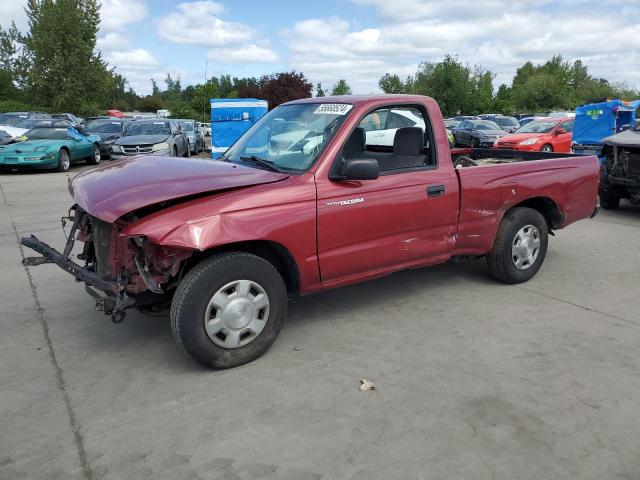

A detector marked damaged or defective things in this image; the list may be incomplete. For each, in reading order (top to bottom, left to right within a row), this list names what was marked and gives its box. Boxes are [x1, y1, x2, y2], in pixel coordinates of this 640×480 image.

crushed hood [69, 156, 288, 223]
crushed hood [600, 128, 640, 147]
damaged car in background [600, 121, 640, 207]
bent bumper [19, 233, 121, 292]
damaged front end [21, 205, 194, 322]
crack in concrete [2, 179, 93, 476]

§ Description of the task: Exactly as written, copy out the listing, but without any pictures.

§ Result:
A detector marked damaged or defective things in this image; the list may be incomplete. For each, in reading order (top to bottom, left to right within a row), this list names what was marked and gives its box. Boxes are [x1, y1, x2, y2], in pixel coordinates of this 640×480 image.

crushed hood [69, 156, 288, 223]
crushed hood [600, 128, 640, 147]
damaged car in background [600, 121, 640, 207]
bent bumper [19, 233, 121, 292]
damaged front end [21, 205, 194, 322]
crack in concrete [2, 179, 93, 476]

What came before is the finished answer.